The spillway is keeping up, but there must be a lot of pressure on the dam!
And this is NOT a creek, but rather it's our driveway!! Or at least it's supposed to be our driveway, much of which is now halfway down the hill to the pond.
I guess once the ground is dry enough I'll have to limber up the tractor and a shovel or two and put the driveway back where it belongs so we can get out of here. . .
I think maybe it's time to break out the anti-rain gauge and put a stop to this!
But it's not all bad. The timing couldn't have been better. You see, yesterday I had to package up mom and ship her back home to my anxiously waiting sister (If you check mom out of the library and then break her you will have to face the wrath of my sister!
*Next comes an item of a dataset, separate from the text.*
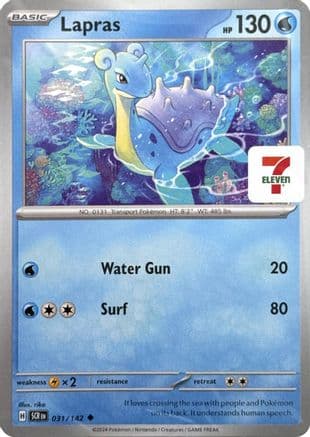 Lapras (-Eleven Promo) 031- Miscellaneous Cards & Products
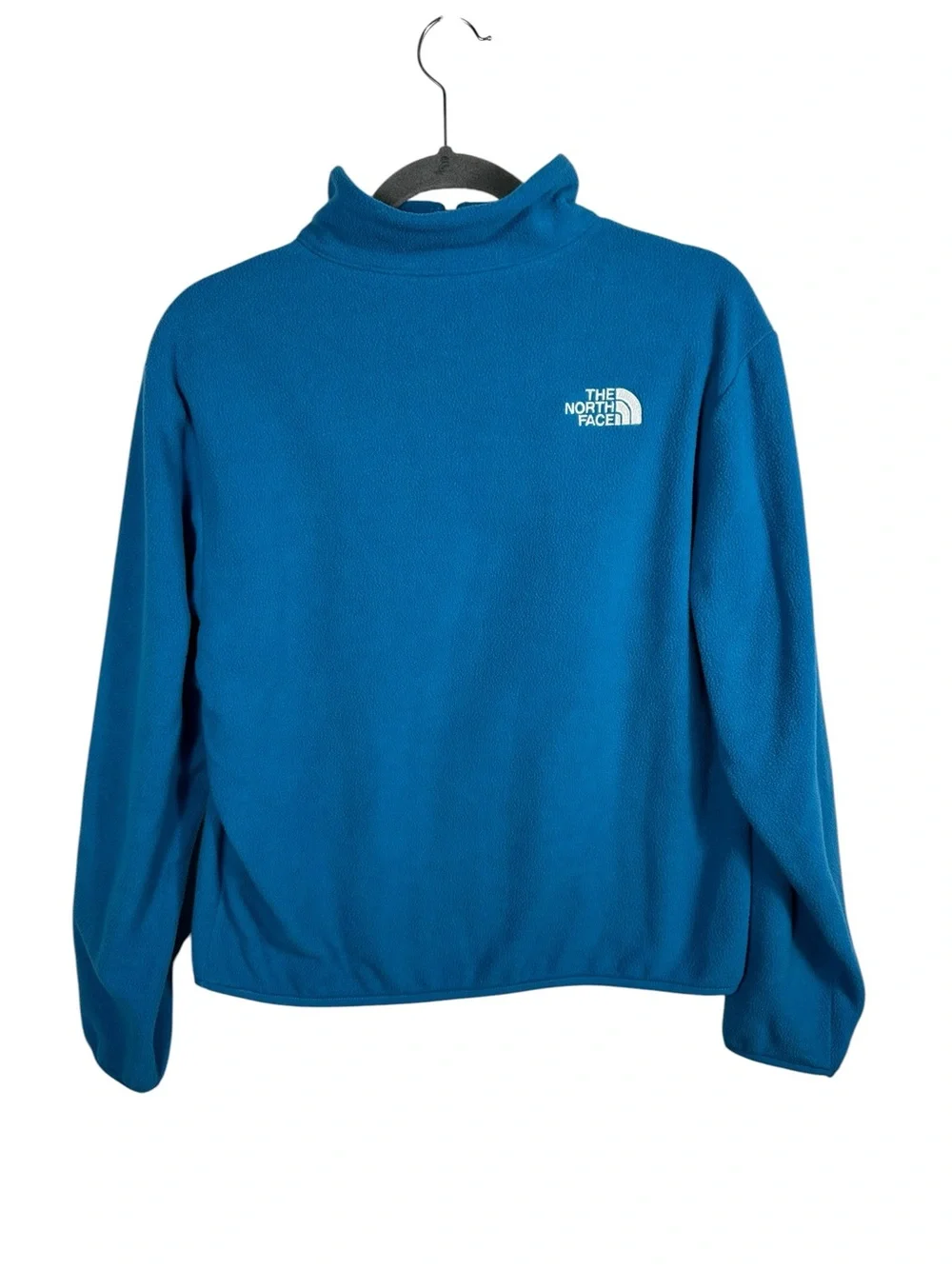The North Face Men’s Glacier 1/4 Zip Fleece Pullover Jacket Blue Size Small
She sees that mom is well taken care of but oh man! sisters can be scary!!)
The weather was reasonable and roads to Houston were exceptionally easy traveling yesterday as we made the two hour trip to the airport in more like an hour and three-quarters of easy, relaxed, driving. (Today the highway department was telling people to stay away from Houston because of "catastrophic flooding" and the airport was completely closed down by midnight last night.)
As a result I dropped mom off at curbside check-in earlier than anticipated then made my way over to the cell phone lot where I hung out for a couple hours until I saw on the status page that her flight was actually in the air (I just assumed she was on it. . .) before starting the long trek home. (It would have been a real bitch to just pull a U-turn and keep going once I dropped her off, only to get nearly home before being called back because something went wrong!!!)
Of course I had to do something moronic to mar an otherwise fine example of logistics and planning. And yes, I had to, it's part of the rule book; you will pay taxes, you will die, and you will pull stupid stunts, like leave my book at home. . . (Mind you, I've never actually seen this rule book for myself, but I've sure experienced it a time or two!) So for two hours (Thankfully the flight left on time!!) I listened to highway whine and jet roar while I twiddled my thumbs, read the owners manual (Now why do you suppose they installed the 'ambient lighting' controls over the driver's head if we don't have the ambient lighting package?!) and caught up with some blogs I follow.
Then, I guess just to keep the streak going, I chose to drive the expressway most the way home rather than take the collection of 12 different, and largely empty, back-roads I usually link together to avoid the expressway.
At the time it made sense. I was going to stop in a town with a Pizza Hut and bring dinner (Of sorts) home, but sitting out there in a solid line of 75MPH weapons of mass destruction, everyone of them jockeying and shoving as if they and only they could somehow break free of the crowd and do their normal 85MPH (This is Texas after all and I10 between Houston and San Antonio is a horrifically over-utilized corridor of commerce, recreation, my-dick's-bigger-than-yours racing and just general getting-from-here-to-there-idness.)
But I digress. Point is, this weather held off until I was home, maybe a little bruised and crowd-weary, but home, so it could have been worse. A LOT worse!